It's common to note that the Apollo 11 guidance computer had just 4K of RAM, less than (a microwave | a toaster | your car keys) whatever the current IoT gizmo of the day is. The complete source code was posted to Github in 2016, to the delight of space geeks everywhere.
(I see that the repo maintainer has been accepting patches all this time, which will be handy when... when... I'm not sure how to finish that sentence. But you see a typo, you fix a typo. I get it.)
I remember the articles popping up a year ago. What I don't remember is this control panel, which I saw last weekend during our Air and Space layover:
I'm pointing at the labels on the left: VERB and NOUN. What?

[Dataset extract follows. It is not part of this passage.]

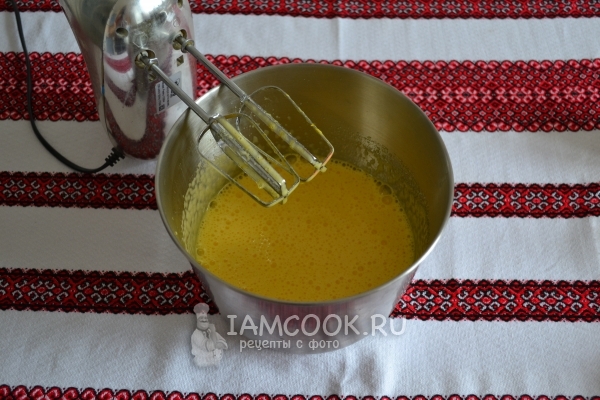 Взбить яйца с сахаром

|Image from NASA via Wikipedia|
A bit of digging turned up this explanation in a Discover article:
Every time the astronauts entered information to activate a program, they interrupted the software program that was running with any of the 100 verb-noun pairs. For example, Verb 37 (verb 3-7-enter) signaled to the computer that there was a pending change of command. Then hitting 3-1-enter would run program 31, the rendezvous targeting program. The crew could request maneuver angles (verb 50, noun 18), monitor the changes while a maneuver was in progress (verb 06, noun 18), or request the velocity change required for the next maneuver (verb 06, noun 84), among other functions, all of which would then display the information numerically on the DSKY.There were also different kinds of verbs, extended and regular. Extended verbs (49 through 99) didn’t need a noun to execute a program; they told the computer to perform a simple operation. Regular verbs (00 – 37) were used to display, monitor, or update data, meaning they needed a noun.-- How Verbs and Nouns Got Apollo to the Moon, Amy Shira Teitel
Can I connect this to the use of verbs and nouns in interactive fiction? No, okay, not directly. But the notion of a verb-and-noun control system has proven durable: CLI shell commands and GUI icon-menu systems are both well-entrenched examples. It seems to be a comfortable model; easy to grasp, lots of power, not too much to memorize.
Two axes seems to be the sweet spot. A one-axis control system is just a row of buttons -- fine for an elevator, no good for anything more complex. Three-axis systems must exist, but I expect they're in highly specialized tools.
(Note that I'm not talking about physical degrees of freedom. Any two-stick shooter uses four control axes, mathematically speaking. That's not weird. I'm talking about systems where you select one of N interestingly different choices, and then apply that to one of M interestingly different choices on the other side: two logical axes.)
Anyway, I have nowhere in particular to go with this. I just thought it was a neat tangent.
You can play with a simulator of the Apollo computer system, but I haven't tried it.